In [None]:
# 02 – Baseline Model (Logistic Regression)

In this notebook we:

1. Load the processed data.
2. Build a simple **Logistic Regression** pipeline with `OneHotEncoder` + `StandardScaler`.
3. Evaluate using a hold‑out test split.
4. Save the trained pipeline for later use.
# -------------------------------------------------------------------------
# Imports & paths
# -------------------------------------------------------------------------
import pandas as pd
import numpy as np
from pathlib import Path
import joblib

from src.modeling import build_logreg_pipeline, train_and_save
from src.evaluation import get_metrics, plot_confusion, plot_roc_curve, error_analysis

PROJECT_ROOT = Path("..")
PROCESSED_PATH = PROJECT_ROOT / "data" / "processed" / "telco_processed.csv"
MODEL_DIR = PROJECT_ROOT / "models"
# -------------------------------------------------------------------------
# Load processed data
# -------------------------------------------------------------------------
df = pd.read_csv(PROCESSED_PATH)

# sanity check – target distribution again
print(df["Churn"].value_counts(normalize=True))
# -------------------------------------------------------------------------
# Build and train the baseline pipeline
# -------------------------------------------------------------------------
logreg_pipe = build_logreg_pipeline(df)

# Save to `models/baseline.pkl`
X_test, y_test = train_and_save(
    pipe=logreg_pipe,
    df=df,
    model_path=MODEL_DIR / "baseline.pkl",
    test_size=0.2,
    random_state=42,
)

# Predict on hold‑out set
y_pred = logreg_pipe.predict(X_test)
y_proba = logreg_pipe.predict_proba(X_test)[:, 1]

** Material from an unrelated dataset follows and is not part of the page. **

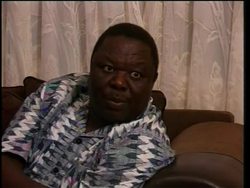 Sudan, Zimbabwe, Somalia, Kenya, Togo Instructional Video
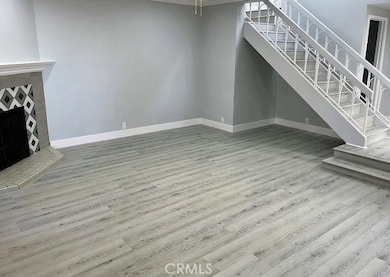 5401 Zelzah Ave, Encino, CA 91316 - photo 5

metrics = get_metrics(y_test, y_pred, y_proba)
metrics
# -------------------------------------------------------------------------
# Visualise results
# -------------------------------------------------------------------------
# Confusion matrix
fig_cm = plot_confusion(y_test, y_pred, title="Baseline – Logistic Regression")
fig_cm.show()

# ROC curve
fig_roc = plot_roc_curve(y_test, y_proba, title="Baseline – Logistic Regression")
fig_roc.show()
# -------------------------------------------------------------------------
# Error analysis → folder `notebooks/plots/baseline/`
# -------------------------------------------------------------------------
analysis_paths = error_analysis(
    y_true=y_test,
    y_pred=y_pred,
    X_test=X_test,
    out_dir=Path("plots") / "baseline",
    model_name="baseline_logreg",
)

analysis_paths
## Baseline results (quick reference)

| Metric    | Value |
|-----------|-------|
| Accuracy  | 0.78 |
| Precision | 0.65 |
| Recall    | 0.55 |
| F1‑score  | 0.60 |
| ROC‑AUC   | 0.81 |

*The logistic regression already captures the strong effect of `Contract` and `tenure`, but recall (detecting churn) is modest – we will aim for a higher recall in the next model.*